Grazie a Clizia Savarese, romana, che vive a Cape Town

 

Sono arrivate decine di lettere in risposta a quella di Sonia Cappelli, madre di due figli espatriati in cerca di lavoro. Succede ogni volta che in questa rubrica si affronta il tema dei ragazzi che se ne vanno, da ogni punto di vista ( genitori, figli, nonni, chi decide di restare, chi di partire, chi di tornare). È senza dubbio l’argomento che più di ogni altro descrive il tempo in cui viviamo. Questa è Clizia, figlia di Sonia.

«Cara Concita, seguo da lontano le vicende italiane e familiari. Mi chiamo Clizia, vivo in Sud Africa, ho 37 anni e sono la figlia di Sonia. Concordo in pieno su quanto scritto sia da mia madre che da Jessica, la ragazza che il giorno dopo ha commentato la sua lettera. Mi rammarica molto leggere invece alcune delle repliche scritte sul sito da alcune persone che non capiscono e continuano a voler ignorare la realtà in cui versa l’Italia di oggi. Un paese che punta il dito verso il diverso ricercando nel razzismo la soluzione di ogni male, dimenticandosi di aver cura dei propri figli non garantendo loro un futuro dignitoso, è un paese che ha già perso. Sembra che abbiamo dimenticato il nostro passato, eppure senza un passato non c’è un futuro.

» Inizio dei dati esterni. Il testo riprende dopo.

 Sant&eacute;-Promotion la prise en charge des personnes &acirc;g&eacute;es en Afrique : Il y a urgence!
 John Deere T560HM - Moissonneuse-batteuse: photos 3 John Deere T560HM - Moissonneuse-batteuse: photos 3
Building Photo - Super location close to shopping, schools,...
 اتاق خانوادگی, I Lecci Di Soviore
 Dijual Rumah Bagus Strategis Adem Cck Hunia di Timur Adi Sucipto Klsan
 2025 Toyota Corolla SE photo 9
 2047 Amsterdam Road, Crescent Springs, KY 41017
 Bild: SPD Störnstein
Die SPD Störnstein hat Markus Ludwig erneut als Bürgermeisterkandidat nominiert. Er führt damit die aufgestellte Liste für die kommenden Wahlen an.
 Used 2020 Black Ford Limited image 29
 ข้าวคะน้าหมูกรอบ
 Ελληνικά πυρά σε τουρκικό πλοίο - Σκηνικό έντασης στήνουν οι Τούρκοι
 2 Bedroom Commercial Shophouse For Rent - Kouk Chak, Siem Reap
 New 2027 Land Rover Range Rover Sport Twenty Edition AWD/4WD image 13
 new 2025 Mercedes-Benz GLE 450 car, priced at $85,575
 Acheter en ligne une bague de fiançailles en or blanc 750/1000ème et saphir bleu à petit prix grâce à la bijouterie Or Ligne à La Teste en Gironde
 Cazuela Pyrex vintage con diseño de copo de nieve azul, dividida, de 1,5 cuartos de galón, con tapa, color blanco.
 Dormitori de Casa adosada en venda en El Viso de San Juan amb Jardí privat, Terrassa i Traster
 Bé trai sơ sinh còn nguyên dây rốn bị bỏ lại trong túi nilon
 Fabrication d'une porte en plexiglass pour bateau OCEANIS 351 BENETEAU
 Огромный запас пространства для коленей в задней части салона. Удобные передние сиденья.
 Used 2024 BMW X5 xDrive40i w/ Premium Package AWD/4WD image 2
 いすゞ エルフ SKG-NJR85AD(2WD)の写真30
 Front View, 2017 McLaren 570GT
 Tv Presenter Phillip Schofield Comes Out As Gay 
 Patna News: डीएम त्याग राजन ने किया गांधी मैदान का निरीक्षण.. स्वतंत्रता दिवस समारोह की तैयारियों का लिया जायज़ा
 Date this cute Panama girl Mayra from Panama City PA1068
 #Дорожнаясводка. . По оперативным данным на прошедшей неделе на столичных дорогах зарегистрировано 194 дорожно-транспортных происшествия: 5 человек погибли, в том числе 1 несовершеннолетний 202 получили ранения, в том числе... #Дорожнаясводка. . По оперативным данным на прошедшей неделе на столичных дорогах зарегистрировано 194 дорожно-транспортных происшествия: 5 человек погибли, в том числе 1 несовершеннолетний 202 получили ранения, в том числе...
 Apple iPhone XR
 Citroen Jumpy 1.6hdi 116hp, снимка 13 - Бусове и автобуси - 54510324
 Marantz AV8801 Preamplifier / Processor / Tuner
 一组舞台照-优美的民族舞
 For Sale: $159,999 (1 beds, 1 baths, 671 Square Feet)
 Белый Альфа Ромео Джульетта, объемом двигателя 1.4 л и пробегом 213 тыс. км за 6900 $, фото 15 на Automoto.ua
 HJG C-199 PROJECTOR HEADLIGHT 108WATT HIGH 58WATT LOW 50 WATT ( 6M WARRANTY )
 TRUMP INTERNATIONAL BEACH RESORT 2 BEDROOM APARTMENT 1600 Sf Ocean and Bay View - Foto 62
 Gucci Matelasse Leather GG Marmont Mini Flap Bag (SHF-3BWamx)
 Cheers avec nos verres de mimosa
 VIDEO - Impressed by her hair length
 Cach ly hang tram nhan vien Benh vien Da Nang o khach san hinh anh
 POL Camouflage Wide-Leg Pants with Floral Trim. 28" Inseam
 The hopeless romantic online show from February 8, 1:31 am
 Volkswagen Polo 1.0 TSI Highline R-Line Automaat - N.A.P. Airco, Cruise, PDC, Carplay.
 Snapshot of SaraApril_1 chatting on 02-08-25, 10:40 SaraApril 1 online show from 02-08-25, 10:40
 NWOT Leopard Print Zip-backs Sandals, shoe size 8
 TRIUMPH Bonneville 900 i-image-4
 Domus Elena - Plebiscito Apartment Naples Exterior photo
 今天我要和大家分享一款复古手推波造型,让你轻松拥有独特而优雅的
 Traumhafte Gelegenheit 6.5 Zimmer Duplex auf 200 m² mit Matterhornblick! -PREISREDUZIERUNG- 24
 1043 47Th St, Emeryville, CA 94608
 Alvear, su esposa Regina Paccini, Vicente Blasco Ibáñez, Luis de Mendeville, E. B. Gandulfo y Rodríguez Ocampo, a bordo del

Io non sono più una ragazzina quindi per me la decisione di espatriare è stata molto sofferta e meditata. Non avendo un compagno/marito né dei figli ovviamente la scelta è stata più facile ma ho dovuto comunque abbandonare la mia famiglia, gli amici e la mia comfort zone.

Ho lasciato la casa dove vivevo da anni, ho regalato vestiti e oggetti, ho dato in beneficenza e ho svenduto (praticamente quasi regalato) tutti i mobili.

A Roma ero docente universitaria, ricercatrice per un sindacato, mi occupavo di comunicazione e organizzazione. Ma non ho mai avuto un contratto stabile e sicuro. Ogni volta in attesa del rinnovo, in attesa dei soldi, in attesa dei cambiamenti dell’aliquota e soprattutto in attesa di poter respirare e poter riprogrammare la vita, gli affetti e gli impegni da lì ai prossimi 2, 3, 6 mesi. E poi i periodi senza lavoro e le peripezie per fare domanda per l’ indennità di disoccupazione.

Il mancato rinnovo di uno di questi contratti è stato la classica goccia che ha fatto traboccare il vaso. Ho voluto lasciare tutto ciò e il provincialismo mentale in cui sta versando l’Italia da anni. Volevo guardare il mio, il nostro Paese da lontano. Cape Town non è stata una mia scelta, ma il fato. Mesi fa mandai il mio curriculum in giro e mi dissi che la prima offerta decente che fosse arrivata l’avrei presa,voilà! Oggi insegno lingua italiana. Sto combattendo con una realtà molto diversa e non facile, i ritmi di vita, la lingua… Mi sento divisa a metà, sono qui ma sono anche costantemente a Roma tramite Skype e WhatsApp. Se mi fossi sentita maggiormente tutelata e amata dal mio Paese non sarei mai andata via. Sogno di tornare un giorno ma in un’Italia migliore. Forse sarei dovuta restare e avrei dovuto lottare di più sia per me che per tutti noi, ma ero esausta, vi chiedo scusa! Forse ho solo bisogno di disintossicarmi e rafforzarmi un po’. Forse, però, con questa lettera lotto ancora».